Hey all! I'm new here. Not much of a woodworker but I am a tool junky! I was wondering if anyone here could help me identify this tool....I think its a planer. I would like to learn what kind and who THE MANUFACTURER is?


http://www.woodworkingtalk.com/memb.../13800-here-pic-planer-does-anyone-recognize/


----------



## joesbucketorust (Dec 13, 2011)

A better picture, description might help. I don't know if I'm looking at 12 inches of bronze with a piece of wood on top, or 5 inches of wood with ???.

But based on the vague shape - it could be a home-made version of Stanley 98, or it could be all that's left of someone's home-made shooting plane.

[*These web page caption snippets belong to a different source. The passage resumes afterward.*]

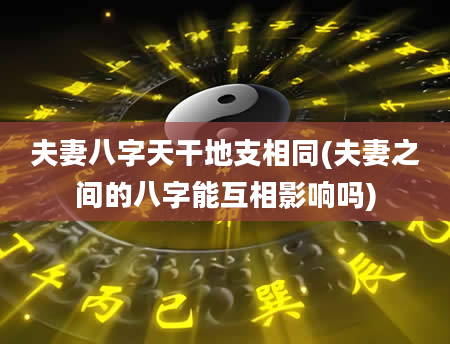 夫妻八字天干地支相同(夫妻之间的八字能互相影响吗)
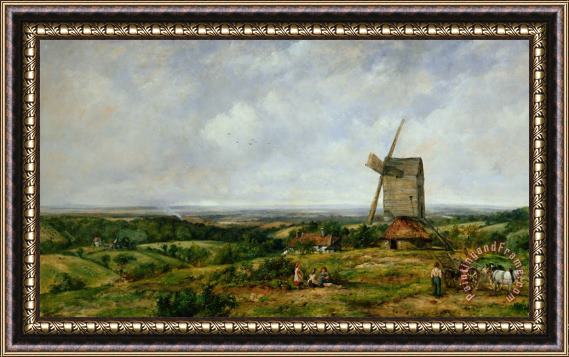 Frederick Waters Watts Landscape With Figures By A Windmill Framed Print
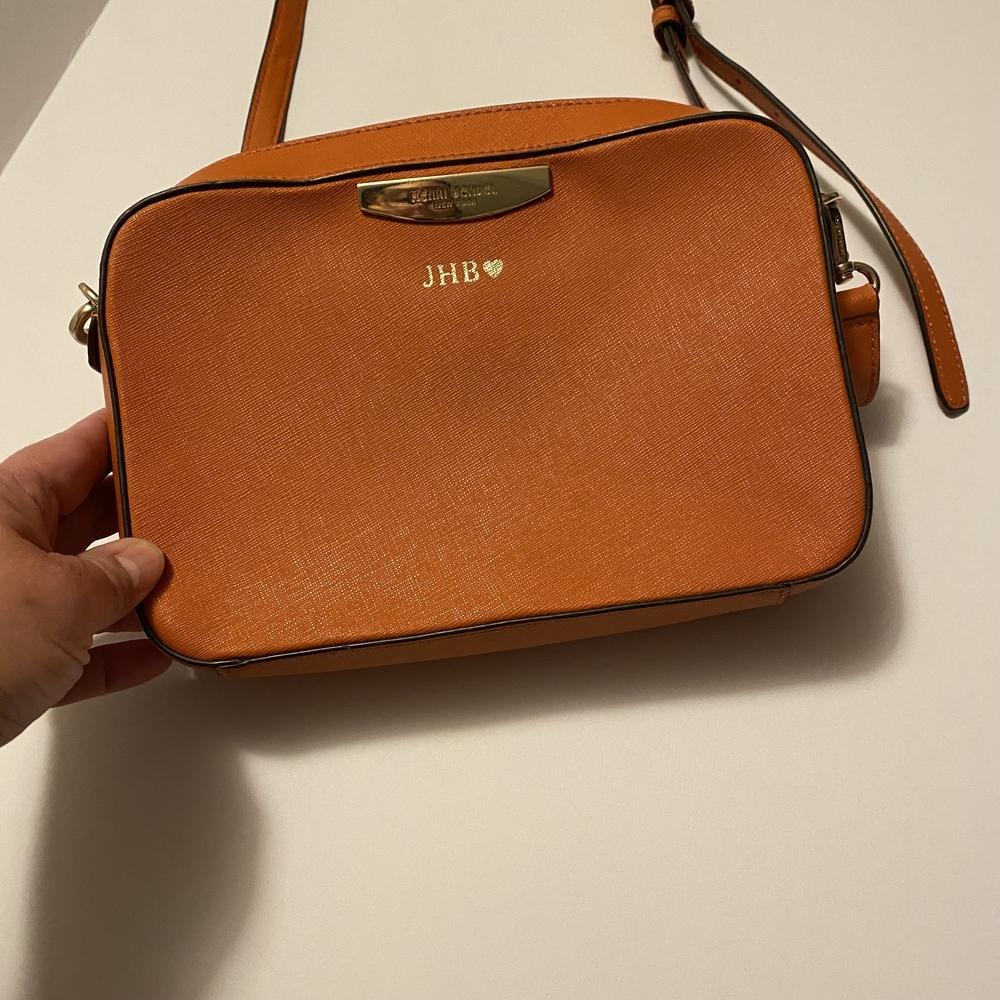 Henri Bendel Orange Leather Camera Crossbody Bag - Picture 2 of 13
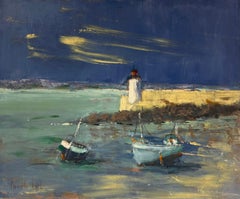 Vintage French Impressionist Stormy Evening at the Lighthouse Starry Night Sky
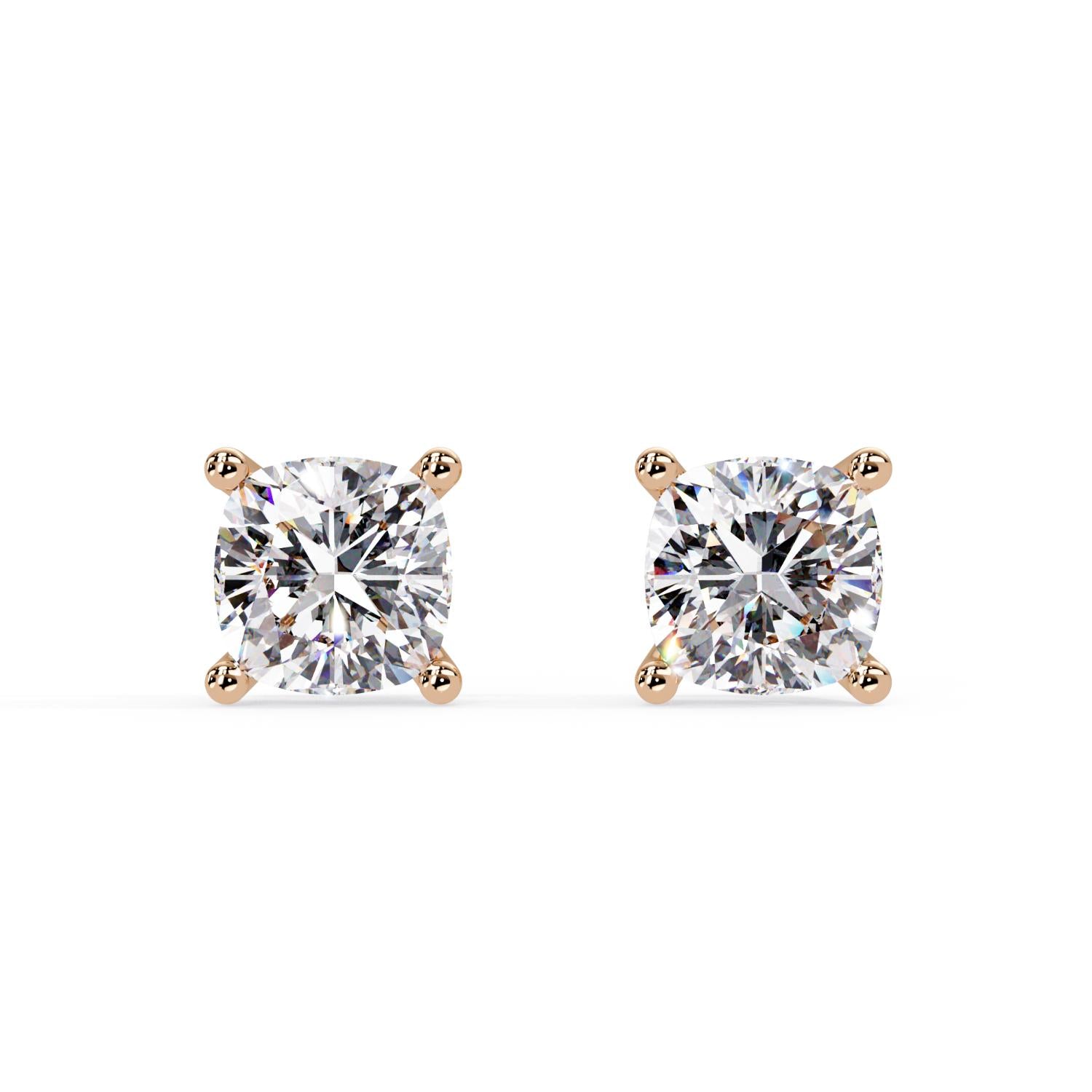 Classic Solitaire Cushion 2.25 Ct Lab-Grown Diamond Stud Earrings - Sterling Silver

EDIT: So were you able to take more pics?


----------



## Roger Newby (May 26, 2009)

Sort of reminds me of this.


http://www.leevalley.com/US/wood/page.aspx?p=64338&cat=1,41182


----------



## cynrich (Mar 27, 2020)

Roger Newby said:


> Sort of reminds me of this.
> 
> 
> http://www.leevalley.com/US/wood/page.aspx?p=64338&cat=1,41182


That is a cool tool! I'd love one of those lol


----------